Georgia View: Reading The Tea Leaves
I'm going to forecast two words you'll be hearing often after this November election. The words will be spoken with a slight smile or a smirking sneer, depending on the direction you prefer your networks and talking heads to lean. The two words? Tea Party.
Twenty-five years ago, on my first visit to New York City, having lunch at the then-new Hard Rock Café, I ordered iced tea with my burger and fries. The waitress almost laughed as I tried explaining “sweet tea,” before she brought sugar to the table. When the check arrived, my burger, fries and tea came to nearly $30. Mystified, I asked the waitress why it was so high. “You had four iced teas, and we don't do free refills,” she snapped while starting to bus the table.
I left the restaurant peeved and feeling gypped (though I still tipped). Our waitress was giggling and pointing as we left, and I could all but feel the condescension. (“Come back soon, Gomer.”)
Anger at taxation without representation, along with a dollop of condescension, helped fuel the original Boston Tea Party, as colonists dumped three shiploads of “pre-taxed” tea into Boston Harbor. That protest became a major catalyst for the American Revolution.
And while the Tea Party has had a lower profile in Georgia than many other states, several of its most prominent promoters have strong Peach State roots. I'll just list a few who’ve played a role in the Tea Party's rapid national expansion and visibility: Glenn Beck (Fox News host, formerly with CNN Headline News in Atlanta); Sean Hannity (who made his jump to national syndication from Atlanta radio); Herman Cain (former Georgia GOP U.S. Senate candidate and now a WSB radio talk host with a growing national following). The Cobb County Tea Party, now the Georgia Tea Party, is one of the largest and strongest chapters in the nation.

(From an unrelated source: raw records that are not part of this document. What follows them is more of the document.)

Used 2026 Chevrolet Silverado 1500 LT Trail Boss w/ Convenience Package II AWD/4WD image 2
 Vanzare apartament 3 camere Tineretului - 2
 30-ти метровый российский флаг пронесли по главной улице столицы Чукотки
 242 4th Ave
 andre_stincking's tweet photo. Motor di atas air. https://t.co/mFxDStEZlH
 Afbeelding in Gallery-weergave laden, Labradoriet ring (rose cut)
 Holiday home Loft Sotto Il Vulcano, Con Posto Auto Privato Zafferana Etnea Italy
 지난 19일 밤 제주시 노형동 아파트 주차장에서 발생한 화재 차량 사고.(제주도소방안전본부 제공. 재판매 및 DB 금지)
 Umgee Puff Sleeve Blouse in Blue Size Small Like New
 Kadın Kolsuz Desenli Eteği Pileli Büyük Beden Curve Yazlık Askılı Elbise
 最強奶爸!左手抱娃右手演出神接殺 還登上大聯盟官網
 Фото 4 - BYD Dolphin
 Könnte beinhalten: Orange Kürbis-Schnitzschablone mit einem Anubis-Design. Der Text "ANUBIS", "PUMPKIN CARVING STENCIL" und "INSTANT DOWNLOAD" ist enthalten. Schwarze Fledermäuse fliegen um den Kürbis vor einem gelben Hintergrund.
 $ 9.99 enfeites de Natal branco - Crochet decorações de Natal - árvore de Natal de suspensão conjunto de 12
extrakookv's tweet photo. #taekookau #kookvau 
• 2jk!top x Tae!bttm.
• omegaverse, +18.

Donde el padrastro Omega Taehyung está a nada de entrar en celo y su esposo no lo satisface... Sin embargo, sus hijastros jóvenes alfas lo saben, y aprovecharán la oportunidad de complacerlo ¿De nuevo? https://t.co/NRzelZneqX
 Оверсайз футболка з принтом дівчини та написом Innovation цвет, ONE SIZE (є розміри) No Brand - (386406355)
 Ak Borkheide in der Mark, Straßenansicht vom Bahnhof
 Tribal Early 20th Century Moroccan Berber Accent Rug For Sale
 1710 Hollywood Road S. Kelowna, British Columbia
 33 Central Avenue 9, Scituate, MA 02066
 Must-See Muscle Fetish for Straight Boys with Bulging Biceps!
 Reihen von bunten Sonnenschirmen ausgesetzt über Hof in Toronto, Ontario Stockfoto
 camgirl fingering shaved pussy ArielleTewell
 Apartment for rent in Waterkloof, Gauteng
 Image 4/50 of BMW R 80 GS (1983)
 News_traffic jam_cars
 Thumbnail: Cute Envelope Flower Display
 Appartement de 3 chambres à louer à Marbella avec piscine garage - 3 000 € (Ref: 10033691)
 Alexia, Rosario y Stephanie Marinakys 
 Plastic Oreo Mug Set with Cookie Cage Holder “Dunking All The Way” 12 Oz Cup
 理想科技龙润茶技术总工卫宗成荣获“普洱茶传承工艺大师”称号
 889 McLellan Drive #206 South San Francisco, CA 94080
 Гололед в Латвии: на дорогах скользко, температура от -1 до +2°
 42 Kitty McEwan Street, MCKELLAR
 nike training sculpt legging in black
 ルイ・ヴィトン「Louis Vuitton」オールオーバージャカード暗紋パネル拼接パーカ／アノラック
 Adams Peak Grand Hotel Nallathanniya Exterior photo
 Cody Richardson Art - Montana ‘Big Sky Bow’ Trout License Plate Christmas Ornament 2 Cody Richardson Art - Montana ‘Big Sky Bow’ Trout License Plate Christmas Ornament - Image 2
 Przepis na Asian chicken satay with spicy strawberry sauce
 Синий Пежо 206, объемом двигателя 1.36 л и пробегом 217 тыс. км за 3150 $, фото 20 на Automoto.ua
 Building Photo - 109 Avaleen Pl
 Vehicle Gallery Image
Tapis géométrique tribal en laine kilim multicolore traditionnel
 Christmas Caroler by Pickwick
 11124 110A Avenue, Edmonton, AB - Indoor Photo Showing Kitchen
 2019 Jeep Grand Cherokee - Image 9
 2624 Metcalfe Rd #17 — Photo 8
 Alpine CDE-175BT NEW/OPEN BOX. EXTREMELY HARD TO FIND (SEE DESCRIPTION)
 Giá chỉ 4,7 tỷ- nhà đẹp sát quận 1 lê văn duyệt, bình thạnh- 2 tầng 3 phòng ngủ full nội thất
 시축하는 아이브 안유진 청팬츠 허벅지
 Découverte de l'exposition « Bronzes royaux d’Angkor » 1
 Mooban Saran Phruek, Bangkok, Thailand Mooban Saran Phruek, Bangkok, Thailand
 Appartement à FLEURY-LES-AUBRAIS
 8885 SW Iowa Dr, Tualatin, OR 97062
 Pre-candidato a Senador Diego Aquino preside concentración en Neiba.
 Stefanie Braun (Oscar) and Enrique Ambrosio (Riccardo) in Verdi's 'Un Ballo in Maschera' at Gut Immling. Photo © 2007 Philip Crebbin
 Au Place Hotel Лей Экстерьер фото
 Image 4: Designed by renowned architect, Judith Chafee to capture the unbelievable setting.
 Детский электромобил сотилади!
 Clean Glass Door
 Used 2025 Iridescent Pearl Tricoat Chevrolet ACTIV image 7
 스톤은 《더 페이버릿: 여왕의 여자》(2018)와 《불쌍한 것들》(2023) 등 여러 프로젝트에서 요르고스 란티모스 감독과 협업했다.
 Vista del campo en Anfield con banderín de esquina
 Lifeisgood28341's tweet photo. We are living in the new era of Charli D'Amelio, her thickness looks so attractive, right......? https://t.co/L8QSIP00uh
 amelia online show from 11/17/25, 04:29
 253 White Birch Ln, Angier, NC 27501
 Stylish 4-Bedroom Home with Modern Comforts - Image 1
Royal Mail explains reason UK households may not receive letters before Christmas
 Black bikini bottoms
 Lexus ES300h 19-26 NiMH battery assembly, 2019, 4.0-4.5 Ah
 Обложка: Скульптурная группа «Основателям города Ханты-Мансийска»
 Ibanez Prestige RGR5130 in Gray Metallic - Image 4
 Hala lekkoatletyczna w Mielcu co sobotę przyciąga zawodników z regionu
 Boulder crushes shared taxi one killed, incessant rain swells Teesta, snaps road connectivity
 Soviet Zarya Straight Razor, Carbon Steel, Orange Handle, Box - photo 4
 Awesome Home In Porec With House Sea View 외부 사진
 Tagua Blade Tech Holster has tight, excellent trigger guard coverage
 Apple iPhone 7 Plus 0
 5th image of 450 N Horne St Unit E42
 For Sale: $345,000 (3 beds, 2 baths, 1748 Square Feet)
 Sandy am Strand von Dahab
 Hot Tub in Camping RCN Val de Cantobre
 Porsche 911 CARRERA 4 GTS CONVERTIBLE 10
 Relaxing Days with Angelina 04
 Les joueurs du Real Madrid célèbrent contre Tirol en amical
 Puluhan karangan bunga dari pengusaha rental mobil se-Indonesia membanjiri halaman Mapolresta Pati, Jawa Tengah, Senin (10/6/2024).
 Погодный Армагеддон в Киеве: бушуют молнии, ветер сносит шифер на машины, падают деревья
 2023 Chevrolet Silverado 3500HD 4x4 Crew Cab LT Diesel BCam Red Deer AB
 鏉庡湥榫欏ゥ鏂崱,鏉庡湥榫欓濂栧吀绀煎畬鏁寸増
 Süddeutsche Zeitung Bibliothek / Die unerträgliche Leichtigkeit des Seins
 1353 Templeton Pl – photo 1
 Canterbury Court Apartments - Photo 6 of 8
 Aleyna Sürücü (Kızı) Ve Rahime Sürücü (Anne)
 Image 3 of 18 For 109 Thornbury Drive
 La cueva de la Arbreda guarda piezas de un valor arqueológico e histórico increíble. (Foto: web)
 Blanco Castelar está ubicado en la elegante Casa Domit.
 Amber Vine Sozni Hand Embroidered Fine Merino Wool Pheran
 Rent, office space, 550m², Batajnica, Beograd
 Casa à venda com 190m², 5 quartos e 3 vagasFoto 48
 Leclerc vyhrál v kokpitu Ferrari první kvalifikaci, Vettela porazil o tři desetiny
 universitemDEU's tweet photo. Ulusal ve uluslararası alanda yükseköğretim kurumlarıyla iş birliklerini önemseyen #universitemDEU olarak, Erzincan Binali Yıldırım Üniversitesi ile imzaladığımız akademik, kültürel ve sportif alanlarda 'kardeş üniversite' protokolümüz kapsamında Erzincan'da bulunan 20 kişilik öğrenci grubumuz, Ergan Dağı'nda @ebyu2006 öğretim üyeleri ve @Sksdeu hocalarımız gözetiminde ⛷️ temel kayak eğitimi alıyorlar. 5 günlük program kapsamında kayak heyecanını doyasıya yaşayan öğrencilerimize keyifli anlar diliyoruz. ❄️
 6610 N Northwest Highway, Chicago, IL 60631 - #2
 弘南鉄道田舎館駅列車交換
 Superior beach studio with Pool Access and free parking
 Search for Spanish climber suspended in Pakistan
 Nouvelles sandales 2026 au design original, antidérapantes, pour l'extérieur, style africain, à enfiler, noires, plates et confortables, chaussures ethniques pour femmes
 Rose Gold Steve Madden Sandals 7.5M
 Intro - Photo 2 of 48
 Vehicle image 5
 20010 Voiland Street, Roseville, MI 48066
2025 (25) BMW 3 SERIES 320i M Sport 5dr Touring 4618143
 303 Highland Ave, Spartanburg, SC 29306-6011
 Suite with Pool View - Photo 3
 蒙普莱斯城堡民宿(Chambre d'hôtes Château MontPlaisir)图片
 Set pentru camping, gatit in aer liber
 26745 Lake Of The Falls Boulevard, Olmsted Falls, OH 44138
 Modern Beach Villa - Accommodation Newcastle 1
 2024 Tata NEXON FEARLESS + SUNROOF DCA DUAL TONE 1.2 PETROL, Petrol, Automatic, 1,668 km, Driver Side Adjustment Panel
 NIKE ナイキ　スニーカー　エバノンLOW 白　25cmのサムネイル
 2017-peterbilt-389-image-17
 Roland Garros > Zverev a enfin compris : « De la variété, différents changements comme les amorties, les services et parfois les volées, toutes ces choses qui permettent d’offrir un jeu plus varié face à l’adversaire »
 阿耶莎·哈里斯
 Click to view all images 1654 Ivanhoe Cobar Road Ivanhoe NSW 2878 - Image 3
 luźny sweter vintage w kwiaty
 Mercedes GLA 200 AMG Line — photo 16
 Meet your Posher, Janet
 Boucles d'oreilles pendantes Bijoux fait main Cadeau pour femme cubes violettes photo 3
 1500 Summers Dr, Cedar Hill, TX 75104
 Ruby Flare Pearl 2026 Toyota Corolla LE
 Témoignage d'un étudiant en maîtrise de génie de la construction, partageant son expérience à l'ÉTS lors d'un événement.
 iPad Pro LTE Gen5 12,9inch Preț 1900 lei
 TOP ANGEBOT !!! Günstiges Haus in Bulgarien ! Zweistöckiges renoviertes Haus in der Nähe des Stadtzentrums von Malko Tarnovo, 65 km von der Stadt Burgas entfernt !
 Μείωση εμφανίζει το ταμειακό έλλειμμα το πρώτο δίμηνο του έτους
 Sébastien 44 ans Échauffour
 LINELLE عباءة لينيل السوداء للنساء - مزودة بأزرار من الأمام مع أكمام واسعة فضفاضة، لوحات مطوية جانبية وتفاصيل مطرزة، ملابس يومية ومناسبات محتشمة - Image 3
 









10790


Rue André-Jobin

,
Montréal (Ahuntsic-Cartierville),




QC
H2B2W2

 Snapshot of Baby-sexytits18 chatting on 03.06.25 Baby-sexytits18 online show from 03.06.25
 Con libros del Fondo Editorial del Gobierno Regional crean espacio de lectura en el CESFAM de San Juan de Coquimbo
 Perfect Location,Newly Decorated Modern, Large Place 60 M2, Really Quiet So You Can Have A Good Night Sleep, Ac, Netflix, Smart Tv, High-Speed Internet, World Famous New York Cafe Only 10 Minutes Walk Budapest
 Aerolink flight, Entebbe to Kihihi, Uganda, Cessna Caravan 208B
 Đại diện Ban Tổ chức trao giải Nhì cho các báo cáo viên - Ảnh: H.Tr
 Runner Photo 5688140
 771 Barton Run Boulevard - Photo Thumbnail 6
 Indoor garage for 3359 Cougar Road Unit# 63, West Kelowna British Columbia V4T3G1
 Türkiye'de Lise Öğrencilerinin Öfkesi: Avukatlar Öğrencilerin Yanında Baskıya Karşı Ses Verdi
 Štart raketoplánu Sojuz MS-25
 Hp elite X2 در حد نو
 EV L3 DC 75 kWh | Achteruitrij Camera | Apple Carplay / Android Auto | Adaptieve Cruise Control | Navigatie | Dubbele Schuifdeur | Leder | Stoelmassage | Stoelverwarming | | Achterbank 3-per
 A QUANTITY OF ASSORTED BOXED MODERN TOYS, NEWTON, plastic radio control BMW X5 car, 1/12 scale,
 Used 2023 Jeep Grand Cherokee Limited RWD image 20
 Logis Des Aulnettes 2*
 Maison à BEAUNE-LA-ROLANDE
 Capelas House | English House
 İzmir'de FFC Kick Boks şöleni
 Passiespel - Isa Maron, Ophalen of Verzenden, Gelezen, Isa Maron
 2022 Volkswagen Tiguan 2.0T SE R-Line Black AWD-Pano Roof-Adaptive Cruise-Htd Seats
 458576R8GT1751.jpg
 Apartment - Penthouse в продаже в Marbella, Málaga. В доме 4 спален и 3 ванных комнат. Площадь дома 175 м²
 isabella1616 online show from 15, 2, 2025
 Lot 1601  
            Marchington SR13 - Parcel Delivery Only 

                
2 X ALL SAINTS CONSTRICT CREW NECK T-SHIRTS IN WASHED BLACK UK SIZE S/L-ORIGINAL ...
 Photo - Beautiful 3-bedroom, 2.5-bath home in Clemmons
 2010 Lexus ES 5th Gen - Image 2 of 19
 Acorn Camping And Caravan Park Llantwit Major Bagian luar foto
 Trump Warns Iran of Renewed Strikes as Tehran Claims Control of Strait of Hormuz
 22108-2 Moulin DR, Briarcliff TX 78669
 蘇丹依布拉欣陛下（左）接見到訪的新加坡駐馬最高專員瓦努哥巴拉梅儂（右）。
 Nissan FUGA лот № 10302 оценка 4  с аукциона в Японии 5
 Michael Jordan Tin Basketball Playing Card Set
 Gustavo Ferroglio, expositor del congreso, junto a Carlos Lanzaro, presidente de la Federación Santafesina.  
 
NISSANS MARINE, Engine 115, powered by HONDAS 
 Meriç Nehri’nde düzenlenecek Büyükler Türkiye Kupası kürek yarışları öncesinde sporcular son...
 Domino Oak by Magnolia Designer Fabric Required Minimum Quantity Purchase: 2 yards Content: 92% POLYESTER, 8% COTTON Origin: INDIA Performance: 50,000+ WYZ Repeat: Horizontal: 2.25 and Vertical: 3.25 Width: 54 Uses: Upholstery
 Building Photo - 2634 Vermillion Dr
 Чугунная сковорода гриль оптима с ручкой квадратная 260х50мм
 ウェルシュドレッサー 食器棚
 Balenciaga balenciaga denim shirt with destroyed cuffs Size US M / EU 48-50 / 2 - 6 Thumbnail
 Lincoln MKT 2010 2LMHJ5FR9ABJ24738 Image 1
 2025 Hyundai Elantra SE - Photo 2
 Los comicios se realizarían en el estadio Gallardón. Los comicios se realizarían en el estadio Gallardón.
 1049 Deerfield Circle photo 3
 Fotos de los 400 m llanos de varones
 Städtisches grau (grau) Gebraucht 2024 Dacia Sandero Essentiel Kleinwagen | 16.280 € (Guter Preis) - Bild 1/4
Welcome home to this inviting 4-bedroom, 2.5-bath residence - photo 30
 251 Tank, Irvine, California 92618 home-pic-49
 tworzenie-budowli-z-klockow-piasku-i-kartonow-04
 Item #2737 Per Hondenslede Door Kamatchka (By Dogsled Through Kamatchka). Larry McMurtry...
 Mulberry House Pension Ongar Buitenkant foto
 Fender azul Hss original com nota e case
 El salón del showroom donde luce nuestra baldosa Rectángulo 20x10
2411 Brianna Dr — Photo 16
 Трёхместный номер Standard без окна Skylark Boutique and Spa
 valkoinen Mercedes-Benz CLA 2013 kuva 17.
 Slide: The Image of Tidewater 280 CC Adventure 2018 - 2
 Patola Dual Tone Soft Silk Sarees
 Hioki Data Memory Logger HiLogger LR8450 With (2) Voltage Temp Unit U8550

I visited a Tea Party rally at the Georgia State Capitol in 2009 and another in 2010 on the Marietta Square. The attendees were predominantly, though not exclusively, white and tended to be over 50, but there were also young families, children and more than a handful of minorities representing the wide spectrum of Georgia's population. These people were anxious, some were angry, but most were simply, very clearly, frustrated with a government they believe does not listen. The majority were concerned not only about the direction of our nation, but also the geometric explosion of national debt becoming a very real threat to their families, their children and their grandchildren.
These folks were not political hacks, and though they were certainly more Republican than Democratic, most labeled themselves Independents, with a healthy number calling themselves Constitutionalists. They were hardly hate mongers, racists or deserving of some of the labels they are drawing from some critics.
I did recognize one thing, though: These folks will be there on Election Day and will make their presence felt. In a mid-term, non-Presidential election, their impact could be substantial.
Former Alaska Governor Sarah Palin has played “Tea Party” endorsement maven, and her candidates won more often than not (with the exception, in Georgia, of Karen Handel); but it was votes from conservatives, independents, Libertarians, Tea Party members and even a few Democrats who actually put those candidates over the top.
The most visible Tea-infused race in Georgia played out in the 9th Congressional District, where now Congressman Tom Graves won a special election, general primary and finally a primary run-off to replace former Congressman Nathan Deal.
Graves won with wide-based support, but will acknowledge the role that Tea Party activists of his district played at the polls.
Somewhere a few media elites are having drinks and laughing about the rubes and older Americans in red, white and blue planning their next Tea Party Road Rally via bus. “They're ignorant, they're old, they're just astro-turf controlled by arch-conservative millionaires. Ha, ha, ha.”
If you really want to make sure those Tea Party attendees turn out, remember to laugh – and point. Another cup of Earl Grey, anyone?